» **RECORDS FOR PROCESSING**
|---|

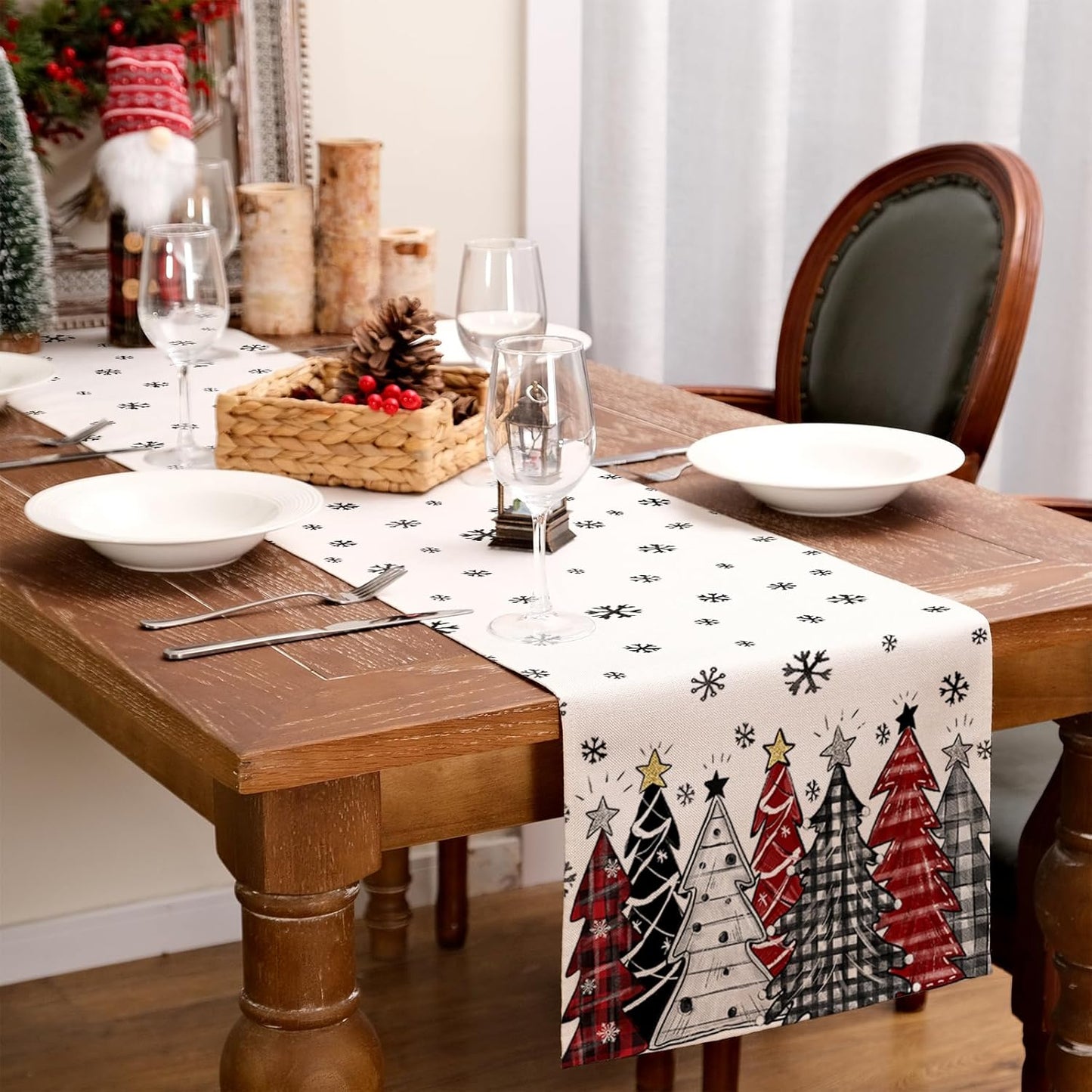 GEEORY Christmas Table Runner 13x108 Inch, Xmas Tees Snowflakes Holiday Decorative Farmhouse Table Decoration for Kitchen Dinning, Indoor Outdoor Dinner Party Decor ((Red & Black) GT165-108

|---|

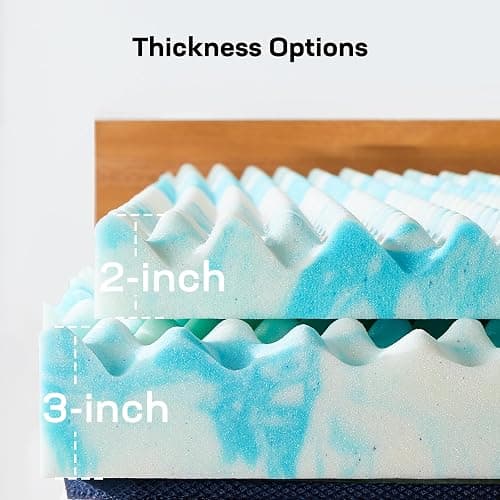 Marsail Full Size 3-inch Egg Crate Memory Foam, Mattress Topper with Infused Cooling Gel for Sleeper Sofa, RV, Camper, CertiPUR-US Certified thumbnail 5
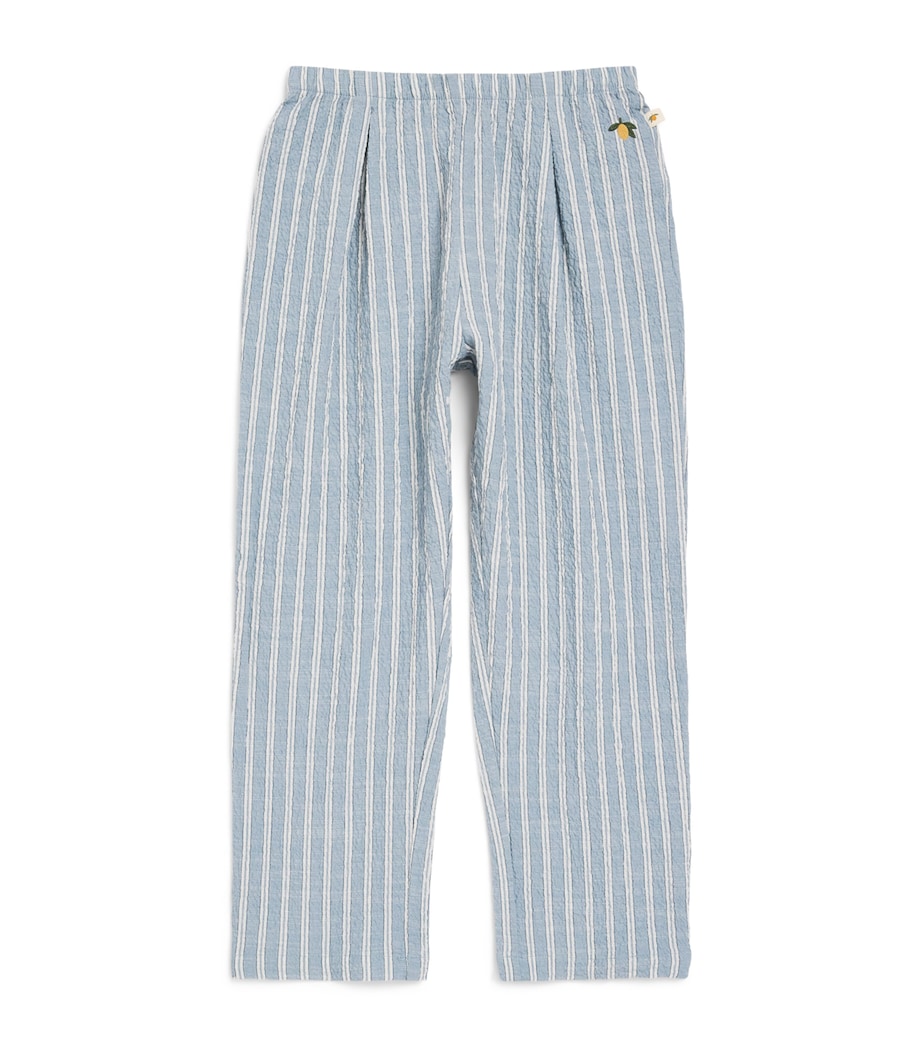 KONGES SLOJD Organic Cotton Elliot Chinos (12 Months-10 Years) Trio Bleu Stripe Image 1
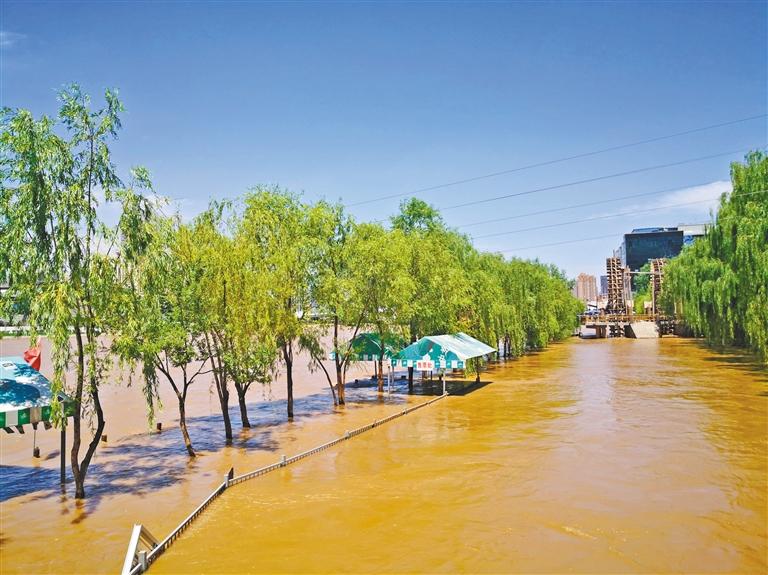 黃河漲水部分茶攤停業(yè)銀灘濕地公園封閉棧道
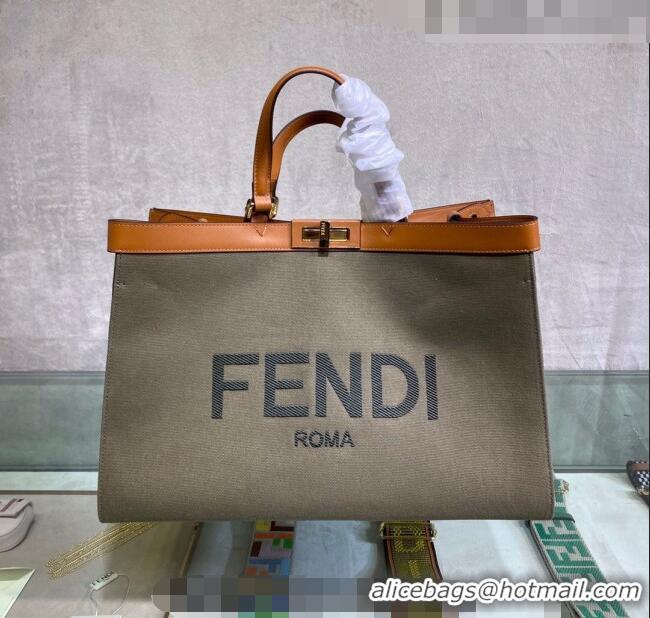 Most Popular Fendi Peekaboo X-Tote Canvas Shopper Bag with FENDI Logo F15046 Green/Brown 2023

|---|

» **YOUR TASK**
What you return from the records above should be exactly everything from the line with "KONGES SLOJD Organic" down to the line with "Most Popular Fendi", both kept, and no pictures.

» **COMPLETED TASK**
 KONGES SLOJD Organic Cotton Elliot Chinos (12 Months-10 Years) Trio Bleu Stripe Image 1
 黃河漲水部分茶攤停業(yè)銀灘濕地公園封閉棧道
 Most Popular Fendi Peekaboo X-Tote Canvas Shopper Bag with FENDI Logo F15046 Green/Brown 2023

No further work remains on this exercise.